I. Savaş Bitti, Kavga Başladı: Kimliklerin Çözülüşü
Film, 8 Mayıs 1945’te, yani Almanya’nın koşulsuz teslim olduğu gün geçer. Lakin bu zafer, huzur getirmez; aksine, yeni bir iç savaşın başlangıcıdır.
- Damat ve Gelin Yerine Katil ve Kurban: Filmdeki genç anti-Komünist direnişçi Maciek ve işçi partisi sekreteri Szczuka arasındaki çatışma, bütün bir ülkenin kolektif ruh halini yansıtır. Maciek, kendisinden daha büyük işler gördüğünü iddia eden, ölüme alışmış bir kahramandır. Onun görevi, partinin yeni Polonya’yı kurmakla görevli olan entelektüel Szczuka’yı öldürmektir.
- Kaybolan Dava: Maciek’in arkadaşı Andrzej, Maciek’in cinayeti işlemek için hazırlık yapmasına rağmen, “Polonya elimizde patladı,” der. Dışarıdaki şölenler (savaşın sonunun kutlanması), içerideki yıkımı, kargaşayı ve kime güvenileceği (Vali’nin sekreteri) sorununu örtemez.
- Hükmün Çelişkisi: Maciek, yoldaşına şunu söyler: “Şu an, yerde yatması gerekenler bizdik. Ama bunun bir önemi yok.” Bu, savaşın getirdiği varoluşsal bir nihilizmdir. Ölüm, o kadar sıradanlaşmıştır ki, kimin yaşadığının bile bir anlamı kalmamıştır.
II. Varoluşun İki Ucu: Menekşeler ve O Kadar
Maciek’in barmen Krystyna ile kurduğu kısa ve imkansız ilişki, “anı yaşama” felsefesinin trajik bir ifadesidir.
- Menekşeler ve İhtiyaç: Maciek, Krystyna’ya menekşeleri sevip sevmediğini sorar; o da severim der. Menekşe, aşkın, güzelliğin ve kırılganlığın simgesidir. Maciek, bu güzellik ve basitlik arayışına kapılırken, aynı zamanda kendisinin bir katil olduğu gerçeğinden kaçar. Krystyna da bu hayattan “gideceğini” (ayrılacağını) bilen, kaybedecek daha az insan olduğu için şükreden bir kadındır.
- Korkaklık mı, Yorgunluk mu?

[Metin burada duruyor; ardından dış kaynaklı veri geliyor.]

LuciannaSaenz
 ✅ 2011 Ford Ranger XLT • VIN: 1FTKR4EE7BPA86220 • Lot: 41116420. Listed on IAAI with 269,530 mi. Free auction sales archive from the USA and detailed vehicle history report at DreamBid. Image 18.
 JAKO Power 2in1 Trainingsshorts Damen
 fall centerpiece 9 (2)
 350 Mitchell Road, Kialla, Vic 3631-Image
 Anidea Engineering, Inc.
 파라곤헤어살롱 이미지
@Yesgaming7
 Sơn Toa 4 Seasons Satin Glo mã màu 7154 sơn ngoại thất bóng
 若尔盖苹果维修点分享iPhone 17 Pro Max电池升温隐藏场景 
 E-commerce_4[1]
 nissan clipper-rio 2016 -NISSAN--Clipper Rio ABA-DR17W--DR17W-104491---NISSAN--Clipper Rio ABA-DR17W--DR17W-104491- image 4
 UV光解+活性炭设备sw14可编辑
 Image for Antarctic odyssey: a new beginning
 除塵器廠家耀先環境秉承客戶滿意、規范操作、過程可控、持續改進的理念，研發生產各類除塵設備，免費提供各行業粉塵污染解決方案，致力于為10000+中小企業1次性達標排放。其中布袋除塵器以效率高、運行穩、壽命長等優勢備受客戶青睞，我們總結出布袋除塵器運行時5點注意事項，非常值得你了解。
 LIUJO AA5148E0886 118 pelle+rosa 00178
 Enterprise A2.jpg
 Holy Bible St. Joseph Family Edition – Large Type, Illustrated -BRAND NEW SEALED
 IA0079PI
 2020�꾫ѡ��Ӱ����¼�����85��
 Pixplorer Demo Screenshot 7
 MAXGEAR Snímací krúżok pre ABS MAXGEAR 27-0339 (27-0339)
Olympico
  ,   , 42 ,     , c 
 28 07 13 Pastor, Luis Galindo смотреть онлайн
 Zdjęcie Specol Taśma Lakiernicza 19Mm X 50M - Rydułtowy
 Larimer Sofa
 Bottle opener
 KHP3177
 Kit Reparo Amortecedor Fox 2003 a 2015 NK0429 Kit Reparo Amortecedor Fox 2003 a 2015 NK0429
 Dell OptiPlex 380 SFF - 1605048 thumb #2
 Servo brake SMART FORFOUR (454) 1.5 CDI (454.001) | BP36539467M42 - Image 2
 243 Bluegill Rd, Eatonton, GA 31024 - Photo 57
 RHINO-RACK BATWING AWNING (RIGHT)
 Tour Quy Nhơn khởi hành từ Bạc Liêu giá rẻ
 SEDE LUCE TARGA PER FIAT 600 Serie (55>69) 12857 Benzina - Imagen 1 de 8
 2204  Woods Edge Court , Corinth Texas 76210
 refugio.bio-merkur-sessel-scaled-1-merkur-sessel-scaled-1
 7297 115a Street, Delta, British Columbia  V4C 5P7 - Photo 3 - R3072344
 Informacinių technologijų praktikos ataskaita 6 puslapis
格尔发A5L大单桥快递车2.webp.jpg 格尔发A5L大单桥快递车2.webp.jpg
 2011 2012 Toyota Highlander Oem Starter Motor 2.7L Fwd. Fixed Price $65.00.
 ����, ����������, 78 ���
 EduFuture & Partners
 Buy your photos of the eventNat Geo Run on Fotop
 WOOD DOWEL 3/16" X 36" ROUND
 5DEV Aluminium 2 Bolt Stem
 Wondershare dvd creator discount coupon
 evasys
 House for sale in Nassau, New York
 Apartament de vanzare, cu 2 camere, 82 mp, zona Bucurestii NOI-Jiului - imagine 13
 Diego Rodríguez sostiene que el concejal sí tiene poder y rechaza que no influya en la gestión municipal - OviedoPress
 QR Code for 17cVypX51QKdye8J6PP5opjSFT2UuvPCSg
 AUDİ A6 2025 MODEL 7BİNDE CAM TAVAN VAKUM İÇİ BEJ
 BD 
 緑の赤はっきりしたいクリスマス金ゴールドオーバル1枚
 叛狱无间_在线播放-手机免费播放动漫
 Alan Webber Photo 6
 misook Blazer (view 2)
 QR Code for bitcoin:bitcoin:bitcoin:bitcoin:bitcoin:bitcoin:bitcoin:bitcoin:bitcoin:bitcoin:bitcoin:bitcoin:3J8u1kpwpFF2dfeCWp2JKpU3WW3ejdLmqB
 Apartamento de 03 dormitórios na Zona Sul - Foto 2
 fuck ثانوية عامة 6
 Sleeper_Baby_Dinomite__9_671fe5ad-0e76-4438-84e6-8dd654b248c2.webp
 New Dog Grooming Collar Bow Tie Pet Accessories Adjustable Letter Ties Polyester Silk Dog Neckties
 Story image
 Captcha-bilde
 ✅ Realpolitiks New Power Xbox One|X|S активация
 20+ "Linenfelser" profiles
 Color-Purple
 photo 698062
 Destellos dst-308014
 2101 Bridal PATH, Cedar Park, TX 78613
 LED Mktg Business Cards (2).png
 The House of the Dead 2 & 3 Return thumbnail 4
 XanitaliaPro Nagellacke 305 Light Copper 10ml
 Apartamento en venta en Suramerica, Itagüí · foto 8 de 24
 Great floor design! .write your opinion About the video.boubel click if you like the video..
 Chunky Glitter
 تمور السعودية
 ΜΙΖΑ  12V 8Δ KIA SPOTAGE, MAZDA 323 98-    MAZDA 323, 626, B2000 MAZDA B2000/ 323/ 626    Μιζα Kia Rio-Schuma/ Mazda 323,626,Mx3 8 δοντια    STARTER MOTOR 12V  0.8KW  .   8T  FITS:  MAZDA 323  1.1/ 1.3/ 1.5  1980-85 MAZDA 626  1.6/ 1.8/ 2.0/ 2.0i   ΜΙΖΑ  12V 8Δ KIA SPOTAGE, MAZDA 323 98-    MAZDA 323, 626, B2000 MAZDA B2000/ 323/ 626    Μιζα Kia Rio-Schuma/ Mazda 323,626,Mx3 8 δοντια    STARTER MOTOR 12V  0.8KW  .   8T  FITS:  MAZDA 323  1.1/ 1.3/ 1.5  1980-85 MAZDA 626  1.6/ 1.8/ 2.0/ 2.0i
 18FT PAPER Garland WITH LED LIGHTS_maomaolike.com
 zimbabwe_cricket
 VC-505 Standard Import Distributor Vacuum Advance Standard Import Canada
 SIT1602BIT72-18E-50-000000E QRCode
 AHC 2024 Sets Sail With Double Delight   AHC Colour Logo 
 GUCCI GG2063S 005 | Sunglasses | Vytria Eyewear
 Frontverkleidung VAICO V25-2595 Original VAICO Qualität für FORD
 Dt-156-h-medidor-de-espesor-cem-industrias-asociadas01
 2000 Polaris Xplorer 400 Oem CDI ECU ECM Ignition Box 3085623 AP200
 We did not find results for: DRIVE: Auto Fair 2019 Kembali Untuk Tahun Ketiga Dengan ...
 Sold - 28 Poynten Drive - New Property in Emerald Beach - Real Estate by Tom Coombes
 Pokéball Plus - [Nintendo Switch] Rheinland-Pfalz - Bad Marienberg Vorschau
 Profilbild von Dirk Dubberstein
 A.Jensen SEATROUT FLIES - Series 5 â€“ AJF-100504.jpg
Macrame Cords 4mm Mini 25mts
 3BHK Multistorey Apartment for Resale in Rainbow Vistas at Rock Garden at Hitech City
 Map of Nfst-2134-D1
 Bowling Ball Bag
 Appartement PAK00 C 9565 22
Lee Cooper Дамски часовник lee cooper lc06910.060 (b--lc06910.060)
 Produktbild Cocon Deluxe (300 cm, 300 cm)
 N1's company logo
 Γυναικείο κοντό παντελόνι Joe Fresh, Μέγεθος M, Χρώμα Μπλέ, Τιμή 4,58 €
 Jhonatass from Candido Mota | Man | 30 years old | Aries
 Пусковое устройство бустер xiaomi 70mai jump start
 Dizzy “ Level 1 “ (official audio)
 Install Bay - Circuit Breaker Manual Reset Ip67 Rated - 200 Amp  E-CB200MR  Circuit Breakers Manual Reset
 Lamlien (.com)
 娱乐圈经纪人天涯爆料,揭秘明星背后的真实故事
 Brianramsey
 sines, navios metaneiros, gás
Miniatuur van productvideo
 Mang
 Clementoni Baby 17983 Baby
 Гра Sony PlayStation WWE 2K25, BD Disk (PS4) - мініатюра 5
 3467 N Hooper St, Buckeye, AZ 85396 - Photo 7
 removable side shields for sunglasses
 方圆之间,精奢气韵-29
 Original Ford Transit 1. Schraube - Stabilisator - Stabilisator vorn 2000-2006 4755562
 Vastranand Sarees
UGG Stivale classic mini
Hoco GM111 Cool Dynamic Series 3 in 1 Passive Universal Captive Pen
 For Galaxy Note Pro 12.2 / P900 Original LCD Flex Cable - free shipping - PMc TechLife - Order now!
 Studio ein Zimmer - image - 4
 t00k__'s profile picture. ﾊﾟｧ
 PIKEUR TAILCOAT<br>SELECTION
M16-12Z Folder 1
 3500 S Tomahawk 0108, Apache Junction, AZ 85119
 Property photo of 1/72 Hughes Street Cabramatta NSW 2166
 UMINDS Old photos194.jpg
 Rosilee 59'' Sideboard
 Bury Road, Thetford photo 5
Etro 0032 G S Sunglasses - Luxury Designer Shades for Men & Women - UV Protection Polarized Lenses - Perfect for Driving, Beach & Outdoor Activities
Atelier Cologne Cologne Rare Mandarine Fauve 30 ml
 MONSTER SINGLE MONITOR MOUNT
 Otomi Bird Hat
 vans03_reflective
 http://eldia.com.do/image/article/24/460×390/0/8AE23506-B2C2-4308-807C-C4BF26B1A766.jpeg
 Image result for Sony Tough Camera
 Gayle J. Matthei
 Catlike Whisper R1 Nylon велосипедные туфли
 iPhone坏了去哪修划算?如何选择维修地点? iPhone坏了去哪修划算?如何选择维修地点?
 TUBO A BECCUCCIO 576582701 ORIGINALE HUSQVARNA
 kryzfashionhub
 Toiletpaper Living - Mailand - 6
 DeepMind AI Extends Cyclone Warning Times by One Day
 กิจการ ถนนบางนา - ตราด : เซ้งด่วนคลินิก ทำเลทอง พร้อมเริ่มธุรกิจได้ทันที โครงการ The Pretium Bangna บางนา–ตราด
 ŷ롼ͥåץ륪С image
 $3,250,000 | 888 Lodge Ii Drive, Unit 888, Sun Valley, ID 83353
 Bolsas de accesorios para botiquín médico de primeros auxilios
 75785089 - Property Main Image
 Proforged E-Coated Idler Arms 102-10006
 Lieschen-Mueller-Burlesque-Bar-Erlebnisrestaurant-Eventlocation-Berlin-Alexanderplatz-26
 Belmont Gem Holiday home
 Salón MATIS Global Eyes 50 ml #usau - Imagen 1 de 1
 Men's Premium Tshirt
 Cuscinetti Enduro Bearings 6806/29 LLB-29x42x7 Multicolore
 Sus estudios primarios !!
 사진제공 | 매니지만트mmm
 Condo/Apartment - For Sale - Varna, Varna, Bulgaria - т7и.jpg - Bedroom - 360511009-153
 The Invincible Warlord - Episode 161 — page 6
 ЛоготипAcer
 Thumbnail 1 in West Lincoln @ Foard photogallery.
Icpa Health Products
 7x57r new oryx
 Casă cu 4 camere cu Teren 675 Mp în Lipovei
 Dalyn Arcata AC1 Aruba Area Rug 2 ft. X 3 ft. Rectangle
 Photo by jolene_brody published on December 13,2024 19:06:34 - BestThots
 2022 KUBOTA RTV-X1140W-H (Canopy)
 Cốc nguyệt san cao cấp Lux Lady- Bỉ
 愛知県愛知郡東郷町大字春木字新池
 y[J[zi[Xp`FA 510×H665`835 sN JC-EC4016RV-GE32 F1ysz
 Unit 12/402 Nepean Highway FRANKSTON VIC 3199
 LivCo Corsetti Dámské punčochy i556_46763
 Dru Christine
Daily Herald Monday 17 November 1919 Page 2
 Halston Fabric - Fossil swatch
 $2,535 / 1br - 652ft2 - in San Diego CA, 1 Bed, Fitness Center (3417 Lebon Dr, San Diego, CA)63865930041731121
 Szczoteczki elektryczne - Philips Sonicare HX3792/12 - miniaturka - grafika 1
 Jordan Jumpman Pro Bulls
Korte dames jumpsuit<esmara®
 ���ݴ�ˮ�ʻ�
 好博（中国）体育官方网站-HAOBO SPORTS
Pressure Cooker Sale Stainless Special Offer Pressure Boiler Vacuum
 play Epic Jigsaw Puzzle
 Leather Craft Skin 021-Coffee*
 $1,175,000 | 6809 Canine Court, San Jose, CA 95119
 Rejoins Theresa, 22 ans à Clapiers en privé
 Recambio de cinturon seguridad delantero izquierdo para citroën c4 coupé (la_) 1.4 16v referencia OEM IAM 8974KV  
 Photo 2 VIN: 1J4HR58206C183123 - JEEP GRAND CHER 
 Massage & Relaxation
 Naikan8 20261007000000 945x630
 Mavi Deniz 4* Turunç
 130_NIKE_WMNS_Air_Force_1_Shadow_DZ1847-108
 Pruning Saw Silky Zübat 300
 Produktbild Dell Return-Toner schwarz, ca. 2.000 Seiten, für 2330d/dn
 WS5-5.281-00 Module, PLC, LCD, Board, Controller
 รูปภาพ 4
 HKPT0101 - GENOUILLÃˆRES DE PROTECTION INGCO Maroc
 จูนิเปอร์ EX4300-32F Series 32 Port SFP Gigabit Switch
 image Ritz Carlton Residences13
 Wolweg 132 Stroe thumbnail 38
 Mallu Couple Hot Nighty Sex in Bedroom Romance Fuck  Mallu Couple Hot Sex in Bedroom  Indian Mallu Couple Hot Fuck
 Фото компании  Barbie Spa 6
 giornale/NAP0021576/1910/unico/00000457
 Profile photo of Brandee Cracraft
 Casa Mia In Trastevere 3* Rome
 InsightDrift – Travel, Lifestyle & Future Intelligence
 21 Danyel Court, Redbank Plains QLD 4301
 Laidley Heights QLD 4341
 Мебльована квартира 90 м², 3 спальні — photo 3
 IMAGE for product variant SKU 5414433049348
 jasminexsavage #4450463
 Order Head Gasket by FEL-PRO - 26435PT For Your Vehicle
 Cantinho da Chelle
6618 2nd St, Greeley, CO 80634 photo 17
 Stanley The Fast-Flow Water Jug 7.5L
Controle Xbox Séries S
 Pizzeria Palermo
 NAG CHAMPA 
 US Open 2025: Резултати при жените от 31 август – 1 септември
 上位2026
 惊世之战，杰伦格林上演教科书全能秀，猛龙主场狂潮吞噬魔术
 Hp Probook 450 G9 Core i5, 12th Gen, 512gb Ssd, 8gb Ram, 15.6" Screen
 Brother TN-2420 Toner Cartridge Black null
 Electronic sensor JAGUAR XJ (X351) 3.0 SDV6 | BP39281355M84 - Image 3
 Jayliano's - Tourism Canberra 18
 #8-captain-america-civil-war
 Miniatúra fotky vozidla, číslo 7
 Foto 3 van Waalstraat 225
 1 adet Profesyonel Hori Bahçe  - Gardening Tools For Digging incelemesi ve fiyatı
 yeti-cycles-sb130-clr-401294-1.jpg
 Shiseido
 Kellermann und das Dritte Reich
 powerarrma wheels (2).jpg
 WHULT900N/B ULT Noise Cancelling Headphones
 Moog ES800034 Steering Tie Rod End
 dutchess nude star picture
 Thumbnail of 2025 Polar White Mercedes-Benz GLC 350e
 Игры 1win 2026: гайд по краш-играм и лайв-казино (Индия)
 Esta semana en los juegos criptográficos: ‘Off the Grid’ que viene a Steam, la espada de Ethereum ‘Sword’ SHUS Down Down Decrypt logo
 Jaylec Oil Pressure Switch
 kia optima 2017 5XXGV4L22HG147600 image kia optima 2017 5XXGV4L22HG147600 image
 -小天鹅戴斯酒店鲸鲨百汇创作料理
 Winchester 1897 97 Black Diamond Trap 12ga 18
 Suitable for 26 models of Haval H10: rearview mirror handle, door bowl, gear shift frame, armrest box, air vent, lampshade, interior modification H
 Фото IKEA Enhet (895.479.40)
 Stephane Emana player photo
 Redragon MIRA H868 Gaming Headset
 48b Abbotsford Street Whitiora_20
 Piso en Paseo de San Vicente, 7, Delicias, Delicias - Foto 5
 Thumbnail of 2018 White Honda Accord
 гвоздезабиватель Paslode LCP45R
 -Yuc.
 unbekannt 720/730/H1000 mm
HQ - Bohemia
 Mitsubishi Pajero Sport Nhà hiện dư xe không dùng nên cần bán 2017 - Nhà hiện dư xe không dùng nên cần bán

Maciek, Krystyna’ya “Bir daha görüşeceğimizi sanmam,” der. Bu, savaştan ve bağlılıktan yorulmuş bir ruhun en dürüst itirafıdır. Güzelliğe kapılır, ama kalıcı bir bağ kurmaktan kaçar, zira kaybın acısı, aşkın heyecanından daha büyüktür. Bu, özgürlük uğruna sevmekten vazgeçen Don Kişotvari bir ruhtur.
- Yazıtın Dersi: İkisi, harabelerdeki kilise kemerinde Norwid’in şiirinden bir dize okur: “Yoksa, duracak mı o küllerin arasında / yıldıza benzer bir elmas.” Bu, bütün bu yıkımdan sonra geriye kalıcı, kıymetli bir şey kalıp kalmayacağı sorusudur. Maciek, bu elması Krystyna’da (bir kadının kendiliğinden güzelliğinde) görür.
III. Cinayetin Bedeli: İdeolojinin Kurbanı
Filmin sonu, Maciek’in kendi varoluşsal kararsızlığının bedelini ödemesiyle gelir.
- Öldürmekten Vazgeçmek: Maciek, duygusal bağlılık (Krystyna) ve hayattan vazgeçme yorgunluğu (savaş) nedeniyle, Szczuka’yı öldürme görevini yarıda bırakır. O, “öldürüp saklanmaya devam edemeyeceğini” fark etmiştir; sadece yaşamak istemektedir.
- Dava Karşısında Aşk: Andrzej, Maciek’i sertçe eleştirir: “Aşık oldun ve bu senin sorunun! Kişisel meselelerini davamızın üstünde tutamazsın!” Bu, ideolojinin (davanın), insani duyguları (aşkı) nasıl ihanet saydığını gösterir.
- Nihai Yıkım: Maciek, görevden kaçtığı için eski yoldaşları tarafından takip edilir ve vurulur. O, ne eski düzene ne de yeni düzene ait olabilmiştir. Yorgun ruhu, iki düzenin çatlağında can verir.